The pet name is mocking, but it curls inside my stomach, warm and heavy. "I'm in Grizzly Peak. I know the reputation."

"Reputation," he echoes. He shifts the axe in his hand. The muscles in his forearm flex, ropey and hard. "You think you know? You drive your little yellow toy up here, looking like..." He trails off, his eyes locking on my hair, then my face. "Looking like trouble."

"I'm not trouble," I lie. I am trouble. I’m a mess. But I’m a determined mess. "I’m an artist. I’m just trying to make rent."

"An artist," he deadpans. "Great. Just what we need. Finger paints and feelings."

"Hey," I snap, stepping forward. My anger flares, bright and hot, matching his surliness. "I don't do finger paints. And I don't need your attitude. Do you need someone to watch your kid or not?
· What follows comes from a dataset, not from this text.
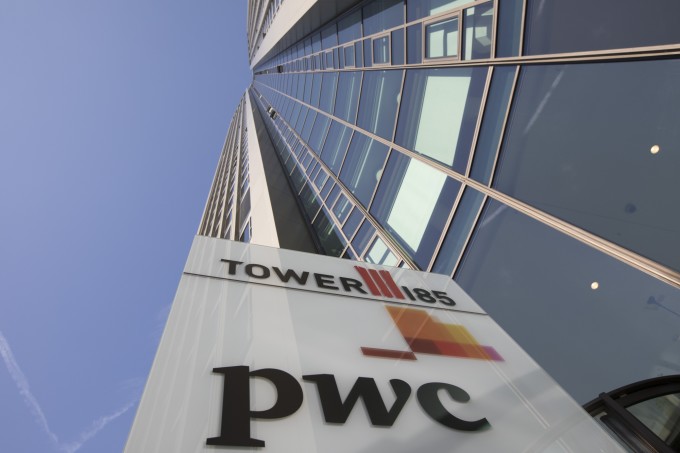 The PricewaterhouseCoopers LLP logo sits on a sign outside 51-storey skyscraper Tower 185 in Frankfurt, Germany.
Because from the looks of this place—" I gesture vaguely at the pile of unchopped wood and the general air of masculine chaos "—you’re barely keeping it together."

His jaw tightens. A dangerous light flares in his eyes. I pushed him. I poked the bear.

Silence stretches between us, thick and suffocating. The wind howls through the trees, but neither of us looks away. The tension snaps like a live wire. My body reacts to his aggression in the most inappropriate way possible.

I’m wet. Drenched. I can feel the heat dripping between my thighs, the heavy throb of my pulse in my core as my pussy pulses, already begging for the violence I see in his eyes. I want him to stop looking at me like an intruder and start looking at me like prey.

God, Bianca, get a grip.

"Daddy?"

The small voice breaks the spell.

Shane—I assume this is Shane—doesn't flinch, but his shoulders drop a fraction of an inch. The aggression doesn't leave his face, but it shifts, becoming protective.